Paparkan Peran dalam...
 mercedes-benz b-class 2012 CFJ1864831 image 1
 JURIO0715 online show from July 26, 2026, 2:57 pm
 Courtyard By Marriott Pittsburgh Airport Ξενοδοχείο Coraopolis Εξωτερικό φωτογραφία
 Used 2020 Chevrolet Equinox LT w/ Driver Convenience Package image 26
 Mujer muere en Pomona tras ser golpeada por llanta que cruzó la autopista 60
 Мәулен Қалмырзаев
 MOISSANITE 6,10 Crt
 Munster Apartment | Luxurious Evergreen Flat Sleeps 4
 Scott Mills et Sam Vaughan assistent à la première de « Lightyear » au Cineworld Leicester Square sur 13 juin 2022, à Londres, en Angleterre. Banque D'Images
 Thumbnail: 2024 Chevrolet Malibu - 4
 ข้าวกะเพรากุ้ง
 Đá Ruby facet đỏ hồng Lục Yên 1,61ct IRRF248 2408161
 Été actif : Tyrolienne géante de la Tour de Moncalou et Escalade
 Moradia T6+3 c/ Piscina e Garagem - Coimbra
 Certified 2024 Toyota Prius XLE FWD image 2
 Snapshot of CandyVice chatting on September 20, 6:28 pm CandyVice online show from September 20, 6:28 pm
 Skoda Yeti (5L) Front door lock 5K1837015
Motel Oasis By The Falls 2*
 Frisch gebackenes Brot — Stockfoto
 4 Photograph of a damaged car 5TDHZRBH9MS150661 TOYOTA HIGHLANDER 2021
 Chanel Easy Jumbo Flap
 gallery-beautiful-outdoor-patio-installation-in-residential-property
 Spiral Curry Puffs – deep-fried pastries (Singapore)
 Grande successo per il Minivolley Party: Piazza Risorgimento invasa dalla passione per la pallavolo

====

◆ **EXERCISE INSTRUCTIONS**: An exact repeat of the lines from the one containing "Skoda Yeti (5L) Front door lock 5K1837015" through the final line of the entries is the whole answer.

◆ **TASK ANSWER**:
 Skoda Yeti (5L) Front door lock 5K1837015
Motel Oasis By The Falls 2*
 Frisch gebackenes Brot — Stockfoto
 4 Photograph of a damaged car 5TDHZRBH9MS150661 TOYOTA HIGHLANDER 2021
 Chanel Easy Jumbo Flap
 gallery-beautiful-outdoor-patio-installation-in-residential-property
 Spiral Curry Puffs – deep-fried pastries (Singapore)
 Grande successo per il Minivolley Party: Piazza Risorgimento invasa dalla passione per la pallavolo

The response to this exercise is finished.